After dark the rest of the army turned about and headed for the Syrian-Cilician border which they duly reached at midnight. Pickets guarded the camp, with the Mediterranean seashore below them to their left, and the troops took a cold but well-earned rest on the hillside around the Gates. By the light of torches, Alexander is said to have conducted certain sacrifices and in one late narrative history, of which only a few short sentences survive on papyrus, these sacrifices are specified: 'In great anxiety. Alexander resorted to prayers, calling on Thetis, Nereus and the Nereids, nymphs of the sea and invoking Poseidon the sea-god, for whom he ordered a four-horsed chariot to be cast into the waves; he also sacrificed to Night.' This scrap of information cannot be checked, but it would have been most appropriate if the new Achilles did indeed offer prayers to his hero's mother, to Thetis of the silver feet in her cave beneath the waves, consoler of Homer's Achilles at similar moments of crisis.
As dawn broke at half past five in the morning, on or about 1 November 333, the trumpet announced the beginning of the all-important march. In columns, the troops strode down the road of the narrow rocky pass by the Pillar of Jonah, with the sea on their left and hills encroaching on their right. Some four miles from Darius's reported position, the ground opened slightly and the infantry found room to fan out into line formation, while the cavalry trotted behind in traditional order. Where the mountains receded from the seashore, curving inwards to leave a sinuous plain between their foot and the beach. Alexander spread his infantry still wider, arranging them in their classic battle-order, Shield Bearers on the right, protecting the vulnerable flank of the infantry, Foot Companions in the centre, and foreign mercenaries adjoining on the left. As the mountain buttresses gave way and the plain spread out still further, Alexander passed the word for his formations to broaden again, thinning their depth from sixteen to a mere eight men, unless this thinness has been exaggerated by his flatterers, while the cavalry moved up from the rear, allied brigades to the far left, Companions, Thessalians and Lancers to the far right. The line now stretched from foothills to seashore, Alexander commanding the right, Parmenion commanding the left, and battle was expected on an advantageously narrow front. By midday Darius's army would be in full view.
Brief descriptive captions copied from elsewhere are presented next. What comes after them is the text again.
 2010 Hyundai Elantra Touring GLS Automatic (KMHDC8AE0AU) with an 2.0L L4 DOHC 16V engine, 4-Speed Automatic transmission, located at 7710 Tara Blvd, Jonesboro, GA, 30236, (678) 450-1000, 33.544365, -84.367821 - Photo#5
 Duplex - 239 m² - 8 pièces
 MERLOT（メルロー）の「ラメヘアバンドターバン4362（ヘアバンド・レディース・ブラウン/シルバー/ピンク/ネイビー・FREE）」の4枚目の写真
At this point, geography intervenes. As at the Granicus, the Persian army had taken up a defensive position behind a river south of the town of Issus but this time, the river has not been identified beyond doubt, though immense industry has been devoted to the problem, culminating in 690 unpublished pages by a French Commandant, based on a false premise. There are three main rivers and five intervening streams for consideration, and this range of choice is most awkward for those who claim to have found the solution. But before consulting the ground, a more important decision must be taken; parts of the battle narrative of Callisthenes have survived but can the details of Alexander's own historian be trusted?
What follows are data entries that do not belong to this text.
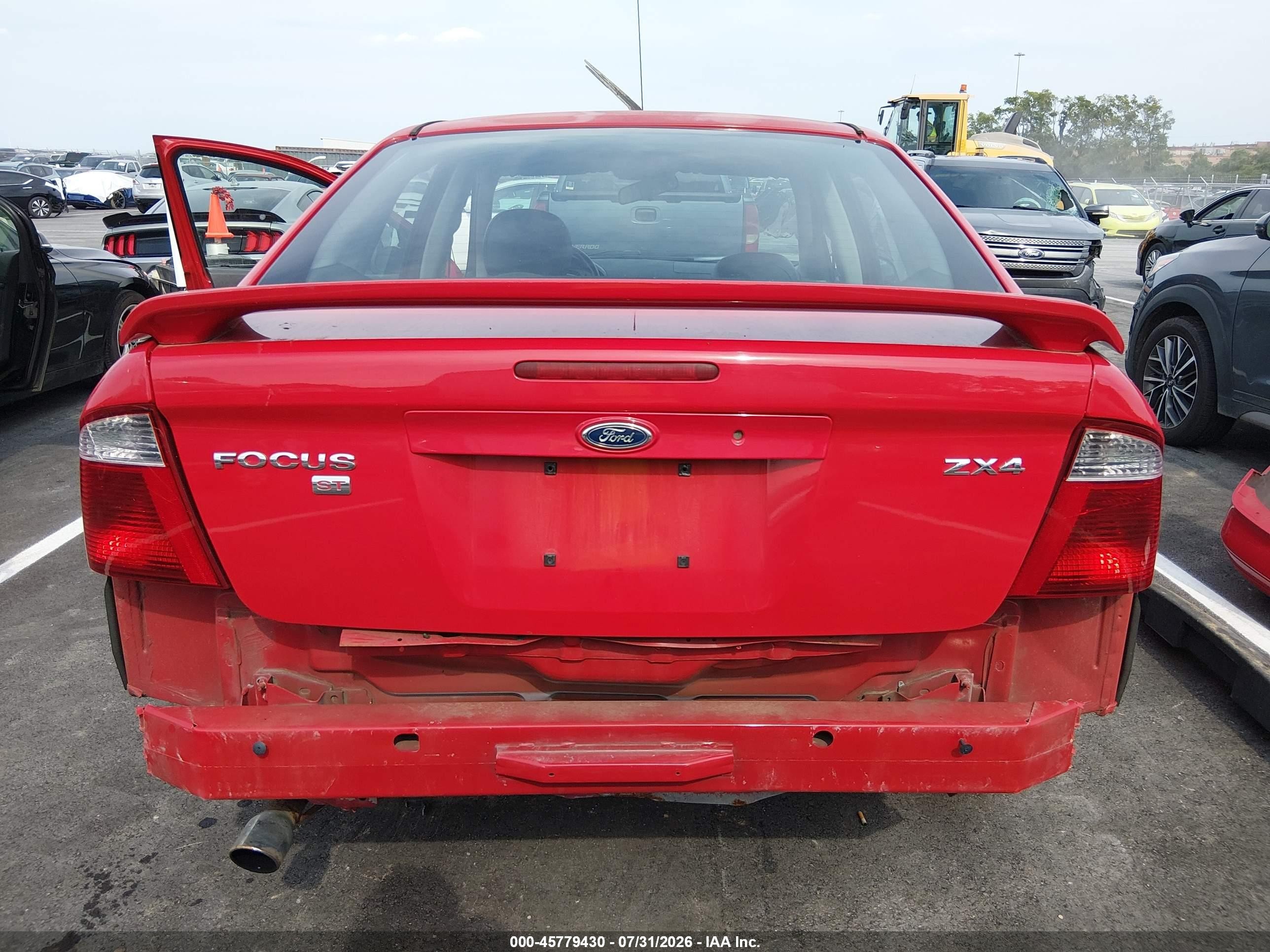 2006 Ford Focus Zx4 Red vin: 1FAFP38Z06W134142
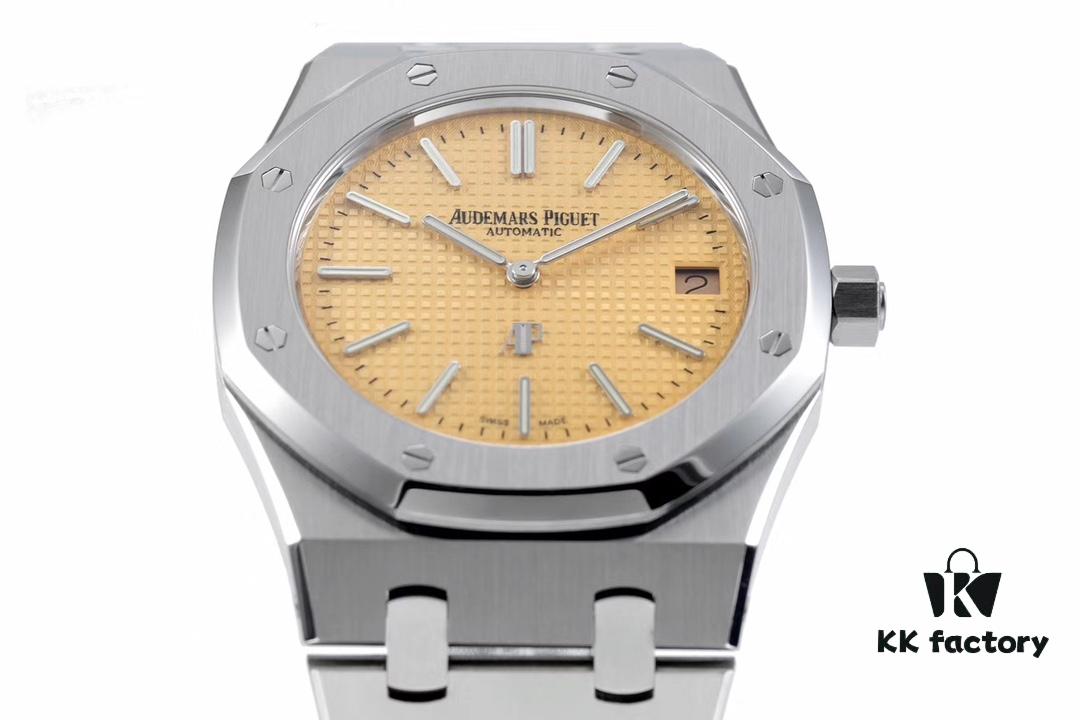 XF's Major New Release: Royal Oak 15202 Ultra-Thin 'Champagne Gold' Limited Edition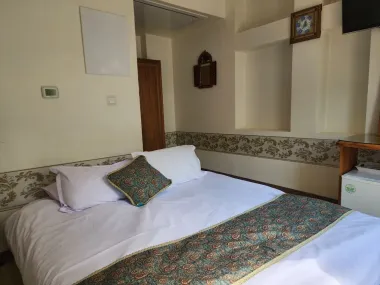 هتل عتیق اصفهان - اتاق 2 تخته (1 تخت 2 نفره)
Even in antiquity, Callisthenes's battle narrative was criticized, and although the criticism is illogical, it gives the only hint of what he wrote: three of his measurements are specified and he describes the riverbanks of the battle as 'sheer and difficult to cross'. The many experts who have placed the battle on the most northerly river available, the Deli Chai, have defied the indications which Callisthenes has given them. Their excuses are none too cogent. It is possible, as they point out, that Callisthenes exaggerated the roughness of the riverbanks in order to glorify his king's victory and that the two of his measurements which are given in round numbers are only estimates; that does not make them wholly untrue, and his third measurement, the most important for what follows, cannot be avoided so easily. The battle site, he claimed, was fourteen stades wide and though the exact length of his stade can be disputed to two places of decimals, this amounts to some one and a half miles. A
flatterer would surely have broadened rather than narrowed the battlefield, as the narrows were the one stroke of unforeseen luck in Alexander's favour; an observer would not have given such a confident figure as fourteen stades if he were only guessing it by eye from a hill behind the lines. As Alexander paid professional Greek surveyors to pace out accurate distances of any length in Asia, it is very possible that their fellow-courtier Callisthenes would have used their results in his history and thus arrived at the figure of fourteen. Even if not, it is bad method to reject the only precise evidence of an eyewitness in order to save the theories of German generals who have rationalized the battle and lost its haphazard excitement by placing it too far north.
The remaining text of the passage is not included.